The tests set for Saturday will determine the level of threat posed by cancer-causing pollutants found at the former Lincoln Paper and Tissue LLC mill. U.S. Environmental Protection Agency and Maine Department of Environmental Protection workers will tour the site on Friday, DEP spokesman David Madore said Thursday.
Maine’s environmental watchdog agency can not “give absolute assurances at this time” that the firefighters who fought the fire on Wednesday night, or the general public, is safe from the pollutants, Madore said.
Lincoln officials voted to seek a Superfund designation for the site earlier this year to handle the estimated $20 million cleanup of its asbestos, dioxin/furan, metals and Polychlorinated Biphenyls, or PCBs.
Lincoln officials are not aware of any immediate threat to public health caused by the site or the fire, said Dan Summers, Lincoln’s public safety director, on Thursday.
Firefighters from 10 towns and the Maine Forest Service doused fires that gutted a scale shed and destroyed a 300-foot-long warehouse on Wednesday. A former mill worker, David Parsons, 59, of Lincoln, was charged Thursday with three counts of arson.
“We have advised local firefighters to wash down their turnout gear in order to minimize exposure,” Madore said in an email on Thursday.
Saturday looks to be the best day for air testing, Madore said.
Rain is expected overnight Thursday and possibly into Friday, but clearing skies are forecast for Saturday.
“Keeping the material wet is the best short-term solution in order to limit” contamination, Madore said.
Earlier tests showed that asbestos on-site, used as a common industrial fire insulant, was the most prevalent toxin — heavy enough that the town’s attorney called the site the worst he had seen in a 35-year career.
The dioxin and PCBs came onto the site from pulp and papermaking processes.
It is unclear whether any cleanup occurred since the Lincoln Town Council vote, in March, or how much protection firefighters got from the self-contained breathing apparatus they wear.
The site’s level of contamination is well-known — it is primarily of 262 acres of the 387-acre site — and no injuries were reported from the fire.
Police believe Parsons started three separate fires at the mill, Maine Department of Public Safety spokesman Steve McCausland said, but are still investigating a motive.
Investigators from the state fire marshal’s office were on-scene for several hours on Thursday.
Demolition workers from M and M Consulting and Contracting of New Jersey were on-scene on Thursday. One was wearing a paper air mask, per standard procedure, not because of the fire, he said. Two were not.
“We haven’t been told anything” of any potential health threats, one said.

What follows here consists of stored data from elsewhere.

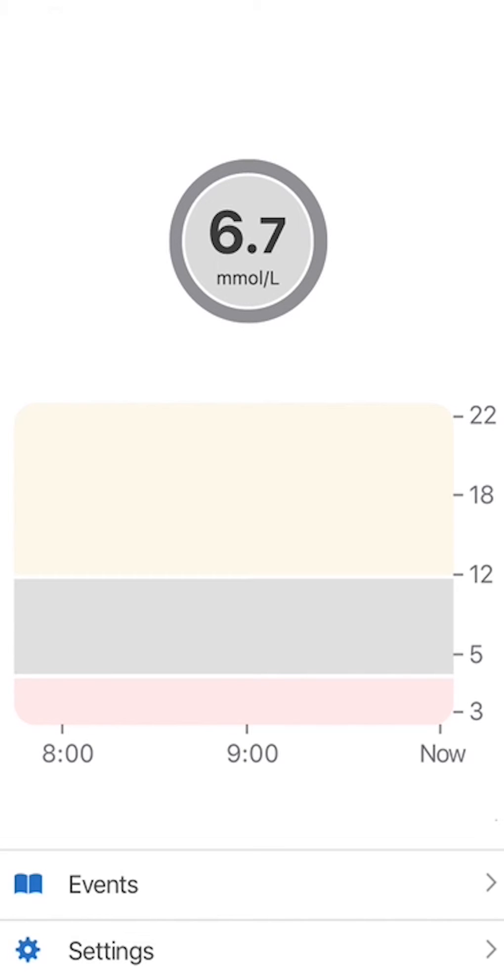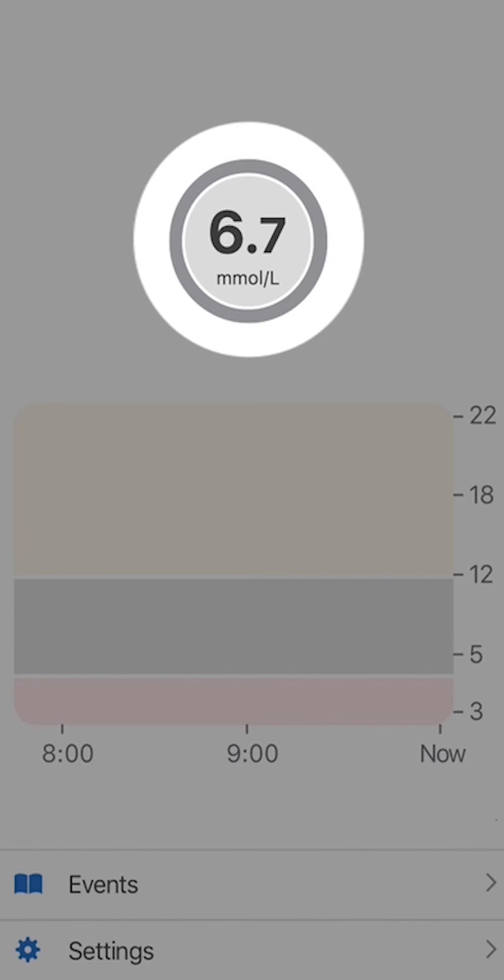See the number in the grey circle? That is your sensor glucose reading. It updates every 5 minutes.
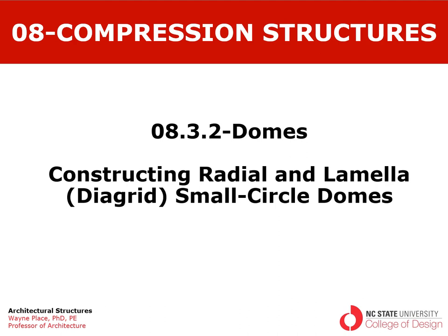Welcome to another of our ongoing series of videos on domes. This one is focusing on constructing radial and lamella small circle domes, and I've used the word diagrid also to describe a so-called lamella dome. The technical terms for these things tend to be rather interchangeable, and I think the important thing is to get across the concept of the dome and the language will take care of itself.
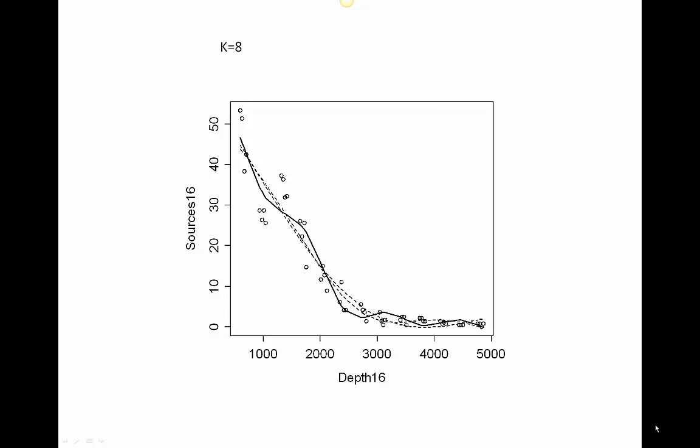This might seem ad hoc. We could choose twelve degrees of freedom, and now we get all kinds of structure — a real kink in the curve between 1,000 and 1,500 meters. How do we decide what the appropriate number of degrees of freedom is?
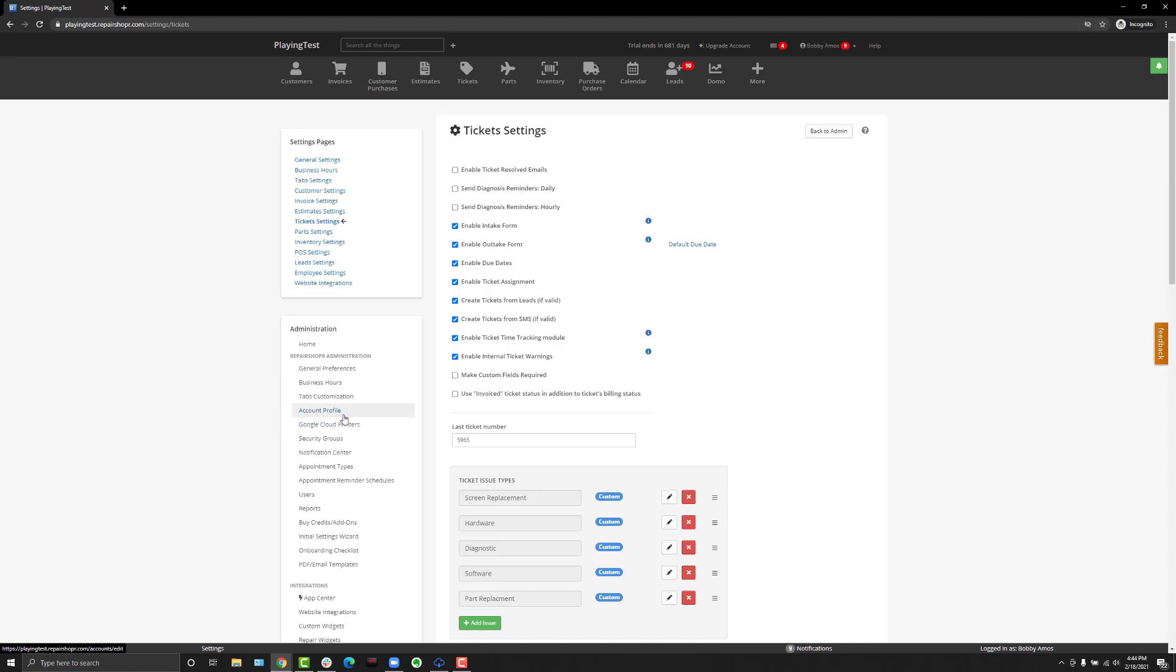We have added a new ticket template specifically for resolved tickets. To start things off, there's a new setting in the ticket preferences called enable ticket resolved emails. When you check this box, anytime a ticket is marked to resolved, a specific template will fire out to your customers letting them know that the ticket is resolved.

A fire accidentally occurred at a defunct mill site in East Millinocket in in March, that, like Lincoln’s, was being worked on by a demolition crew. The fire broke out in a pile of “debris and junk,” officials said.
An East Millinocket town official labeled the fire “toxic” because of the high level of contaminants on-site, but no illnesses arising from them were reported.
The Lincoln paper mill filed for Chapter 11 bankruptcy protection in September 2015, eventually laying off 128 workers employed there at the time. A boiler explosion in November 2013 left the mill leaking cash by ending Lincoln Paper’s ability to make pulp and paper.
The property’s owners sought bankruptcy court permission to begin marketing the site in August.
Firefighters from Burlington, East Millinocket, Howland, Lee, Lincoln, Lowell, Mattawamkeag, Milford, Passadumkeag and Springfield reportedly responded to the blaze, as did the Maine Forest Service.
BDN Writer Alex Acquisto contributed to this report.